Domain Adaptation Approaches for Classifying Crisis Related Data on Social Media


Sponsoring Agency
National Science Foundation


The project investigates the use of big data analysis techniques for classifying crisis-related data in social media with respect to situational awareness categories, such as caution, advice, fatality, injury, and support, with the goal of helping emergency response teams identify useful information. A major challenge is the scale of the data, where millions of short messages are continuously posted during a disaster, and need to be analyzed. The use of current technologies based on automated machine learning is limited due to the lack of labeled data for an emergent target disaster, and the fact that every event is unique in terms of geography, culture, infrastructure, technology, and the people involved. To tackle the above challenges, domain adaptation techniques that make use of existing labeled data from prior disasters and unlabeled data from a current disaster are designed. The resulting models are continuously updated and improved based on feedback from crowdsourcing volunteers. The research will provide real, usable solutions to emergency response organizations and will enable these organizations to improve the speed, quality and efficiency of their response.

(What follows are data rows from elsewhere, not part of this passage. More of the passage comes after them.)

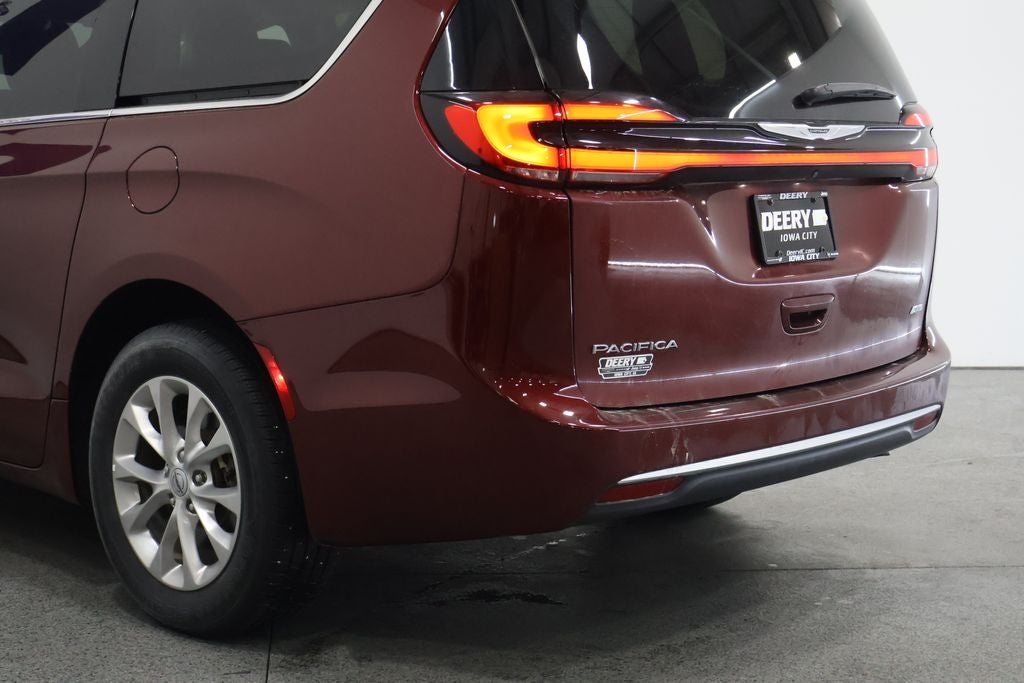 2022 Chrysler Pacifica Touring L AWD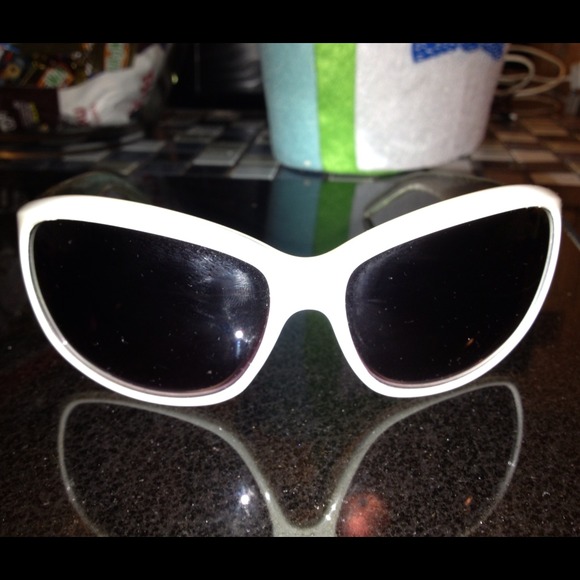 White plastic frame XOXO sunglasses.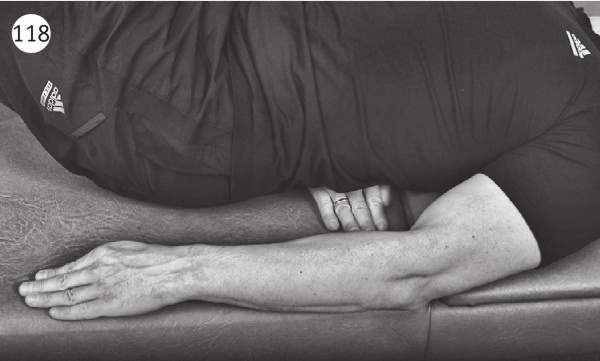 Иллюстрация к книге — Позвоночник без боли. Курс изометрической гимнастики [i_127.jpg]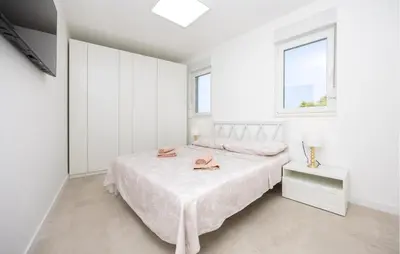 Krevet ili kreveti u jedinici u objektu Stunning Apartment In Split With House Sea View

The research provides novel solutions based on domain adaptation and deep neural networks to tackle the unique challenges in applying machine learning for crisis-related data analysis, specifically the volume and velocity challenges of big crisis data. Domain adaptation approaches enable the transfer of information from prior source disasters to an emergent target disaster. Deep learning approaches make it possible to employ large amounts of labeled source data and unlabeled target data, and to incrementally update the models as more labeled target data becomes available. Large-scale analysis across combinations of source and target crises will help identify patterns of transferable situational awareness knowledge. The resulting technical and social solutions will be blended together for use in data management and emergency response.